A lot of creative people thrive on having multiple side projects, but at the same time, having side projects may cause your main projects to suffer. Nicole Stevenson joins Charlie to jam about how having side projects might help you with your main projects. She brings her vast experiences as an entrepreneur - clothing line creator, craft show extraordinaire, illustrator, among many others - to discuss how she got started on the two main ventures she’s working on today, aspects of working with a business partner to make projects work, as well as the various benefits working on side projects can provide to main business projects.

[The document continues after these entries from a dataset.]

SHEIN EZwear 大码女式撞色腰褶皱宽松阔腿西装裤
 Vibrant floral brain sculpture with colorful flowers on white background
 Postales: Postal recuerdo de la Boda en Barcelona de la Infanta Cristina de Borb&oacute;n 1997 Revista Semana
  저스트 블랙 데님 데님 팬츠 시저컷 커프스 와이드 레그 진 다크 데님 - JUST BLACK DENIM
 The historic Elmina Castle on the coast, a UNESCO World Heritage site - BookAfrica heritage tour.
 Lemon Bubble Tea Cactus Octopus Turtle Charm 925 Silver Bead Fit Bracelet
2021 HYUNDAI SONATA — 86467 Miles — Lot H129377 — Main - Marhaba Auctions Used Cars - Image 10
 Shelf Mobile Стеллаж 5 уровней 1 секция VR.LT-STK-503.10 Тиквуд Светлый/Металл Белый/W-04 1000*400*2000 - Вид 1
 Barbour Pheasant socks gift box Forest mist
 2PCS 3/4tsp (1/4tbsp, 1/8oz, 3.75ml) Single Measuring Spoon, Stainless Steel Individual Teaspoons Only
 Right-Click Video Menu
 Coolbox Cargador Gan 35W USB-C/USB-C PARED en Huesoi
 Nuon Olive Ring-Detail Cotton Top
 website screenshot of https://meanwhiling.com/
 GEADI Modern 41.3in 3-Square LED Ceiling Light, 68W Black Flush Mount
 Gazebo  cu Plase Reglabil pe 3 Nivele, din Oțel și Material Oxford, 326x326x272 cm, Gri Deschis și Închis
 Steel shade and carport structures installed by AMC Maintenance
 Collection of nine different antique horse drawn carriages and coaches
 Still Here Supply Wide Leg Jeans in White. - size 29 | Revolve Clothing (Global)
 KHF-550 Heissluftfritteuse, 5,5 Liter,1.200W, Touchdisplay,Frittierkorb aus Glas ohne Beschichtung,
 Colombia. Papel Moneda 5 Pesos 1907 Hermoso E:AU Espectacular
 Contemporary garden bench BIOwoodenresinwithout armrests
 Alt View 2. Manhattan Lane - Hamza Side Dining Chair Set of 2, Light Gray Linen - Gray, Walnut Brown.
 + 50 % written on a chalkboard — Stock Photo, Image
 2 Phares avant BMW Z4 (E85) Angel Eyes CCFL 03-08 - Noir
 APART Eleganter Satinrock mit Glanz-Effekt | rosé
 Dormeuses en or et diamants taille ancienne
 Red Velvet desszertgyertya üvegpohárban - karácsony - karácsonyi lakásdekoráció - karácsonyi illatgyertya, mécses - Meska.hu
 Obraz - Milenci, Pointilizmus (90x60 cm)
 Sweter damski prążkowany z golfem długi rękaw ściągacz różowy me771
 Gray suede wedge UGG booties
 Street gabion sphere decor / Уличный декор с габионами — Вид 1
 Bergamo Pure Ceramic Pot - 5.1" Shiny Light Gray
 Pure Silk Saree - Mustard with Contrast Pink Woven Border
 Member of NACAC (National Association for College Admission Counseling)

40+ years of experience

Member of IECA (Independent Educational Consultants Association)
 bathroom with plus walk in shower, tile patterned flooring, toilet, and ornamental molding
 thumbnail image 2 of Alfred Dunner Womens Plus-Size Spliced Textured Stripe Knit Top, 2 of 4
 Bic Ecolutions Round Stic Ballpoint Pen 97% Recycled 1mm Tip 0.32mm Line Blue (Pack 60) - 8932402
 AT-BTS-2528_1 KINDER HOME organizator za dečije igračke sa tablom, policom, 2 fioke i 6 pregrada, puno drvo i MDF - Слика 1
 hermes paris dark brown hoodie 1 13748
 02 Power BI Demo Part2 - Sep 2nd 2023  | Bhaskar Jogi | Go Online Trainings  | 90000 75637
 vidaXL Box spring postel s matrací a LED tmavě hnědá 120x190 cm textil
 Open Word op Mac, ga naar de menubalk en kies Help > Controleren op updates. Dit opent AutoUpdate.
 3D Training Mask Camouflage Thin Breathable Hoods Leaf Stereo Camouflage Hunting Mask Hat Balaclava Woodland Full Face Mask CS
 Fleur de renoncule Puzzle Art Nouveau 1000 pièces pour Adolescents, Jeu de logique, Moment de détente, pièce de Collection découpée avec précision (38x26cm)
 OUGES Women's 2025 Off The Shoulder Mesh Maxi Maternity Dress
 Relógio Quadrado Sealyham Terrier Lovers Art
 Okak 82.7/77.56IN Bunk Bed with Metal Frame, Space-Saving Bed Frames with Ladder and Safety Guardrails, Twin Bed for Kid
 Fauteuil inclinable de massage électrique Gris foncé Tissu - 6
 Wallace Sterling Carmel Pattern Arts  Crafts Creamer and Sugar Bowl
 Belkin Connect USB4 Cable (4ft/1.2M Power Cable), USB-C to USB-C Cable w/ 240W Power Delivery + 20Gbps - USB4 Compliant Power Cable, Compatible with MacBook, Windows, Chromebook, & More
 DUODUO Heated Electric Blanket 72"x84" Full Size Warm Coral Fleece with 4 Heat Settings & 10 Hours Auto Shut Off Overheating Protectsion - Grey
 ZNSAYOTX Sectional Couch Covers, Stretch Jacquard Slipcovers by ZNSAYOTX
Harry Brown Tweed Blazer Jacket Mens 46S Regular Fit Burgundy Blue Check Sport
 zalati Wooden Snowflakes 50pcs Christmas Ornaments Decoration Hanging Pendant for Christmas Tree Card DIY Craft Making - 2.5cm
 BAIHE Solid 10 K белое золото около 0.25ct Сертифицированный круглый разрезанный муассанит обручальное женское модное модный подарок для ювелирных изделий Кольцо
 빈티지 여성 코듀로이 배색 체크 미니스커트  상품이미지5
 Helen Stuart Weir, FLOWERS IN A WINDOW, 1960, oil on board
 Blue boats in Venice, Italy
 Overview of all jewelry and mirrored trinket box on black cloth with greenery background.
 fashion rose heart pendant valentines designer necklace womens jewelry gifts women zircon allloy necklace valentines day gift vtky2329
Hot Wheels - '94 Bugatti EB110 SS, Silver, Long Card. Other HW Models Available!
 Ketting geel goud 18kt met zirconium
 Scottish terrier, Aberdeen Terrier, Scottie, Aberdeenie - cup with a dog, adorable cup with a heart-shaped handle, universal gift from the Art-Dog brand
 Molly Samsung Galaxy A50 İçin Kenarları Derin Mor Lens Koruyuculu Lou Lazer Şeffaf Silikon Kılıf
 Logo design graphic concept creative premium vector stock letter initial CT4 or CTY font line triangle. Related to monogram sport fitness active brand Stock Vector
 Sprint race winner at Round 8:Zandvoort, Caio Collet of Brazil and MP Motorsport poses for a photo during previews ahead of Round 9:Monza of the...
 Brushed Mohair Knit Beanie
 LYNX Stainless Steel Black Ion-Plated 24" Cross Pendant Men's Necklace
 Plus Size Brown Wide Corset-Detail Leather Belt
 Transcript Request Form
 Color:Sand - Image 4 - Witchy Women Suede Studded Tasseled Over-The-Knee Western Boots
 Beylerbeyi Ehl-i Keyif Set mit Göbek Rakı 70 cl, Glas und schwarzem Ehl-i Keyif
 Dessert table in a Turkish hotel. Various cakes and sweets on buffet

[2:53] - Nicole shares a bit of her history, recounting some of her business and entrepreneurial ventures and tracing their evolution to get to where she is today. Her creative interests led to observations about different things in the crafting community, and she joined with her aunt to start up Patchwork Show and eventually Craft-cation.
[7:47] - Charlie talks about predetermined business plans versus responsive business plans. With Nicole’s sort of adaptive process, how did she and her business partner let go of the old things to focus on the things that matter most right now? As she evaluated which aspects of her work were exciting and profitable, she slowly let other things drop off.
[12:17] - Sometimes when things reach a certain level of maturity, or aren’t as new anymore, they might lose some of the magic that had us holding on to them. On the flip side, sometimes when projects are spaced out at cyclical intervals, each time you come back to it can be new and exciting.
[14:09] - When we’re in the business of making creative things, there are a lot of open-loop projects. Having some closed-loops projects, maybe more of the admin side of your business, can be refreshing to balance out the other projects.
[17:01] - Breaking down your tasks into smaller steps can make tackling some of the big projects more manageable. It can also increase our sense of accomplishment to be completing small steps towards finishing a big task. A good balance between small tasks divided over a certain amount of time is very beneficial in keeping your to-do list manageable.
[20:20] - How can managing side projects make us better at our main projects? Having side projects that may get us connected with other people or things can be refreshing towards work with our main projects.
[23:31] - Part of being a creative knowledge worker is recognizing that our emotion is one of the ingredients we’re working with. It is important to be mindful of our emotions and how they tie in to what we produce. Side projects can be an avenue to separate some of these emotions so the negative effects don’t drift into the main projects.
[25:28] - Charlie talks about the importance of being in a divergent population of creatives, and the benefits of small projects can help the work we do with our main projects be more focused and provide different solutions.
[29:05] - How do Nicole and her business partner workout temporal misalignments, or managing different time requirements between side projects and their main business? Evaluating who is better suited to managing and working on different tasks is important for both parties involved. Specifically for Nicole and Delilah, communication is key.
[33:59] - In a partnership, it is not likely that each person will be doing the exact same work during a week. It is unlikely that it will be an even 50/50 distribution. Keeping track of these hours can also lead to conversations about the relative value of work.
[38:02] - How does Nicole measure success when it comes to all her projects, both side projects and main projects? At the end of the day, she measures success based on whether she is proud of the work she’s doing, and feels like she is giving the best she can give to her community.
[42:28] - For creative entrepreneurs in general, it is important to make reading about financial aspects part of your regular flow.
[45:59] - Nicole leaves listeners with this invitation: start a side project, whether it’s something for your business, something for yourself, or something for your money. Anything that requires your attention is considered a project - pick a project out that is the most manageable for where you are.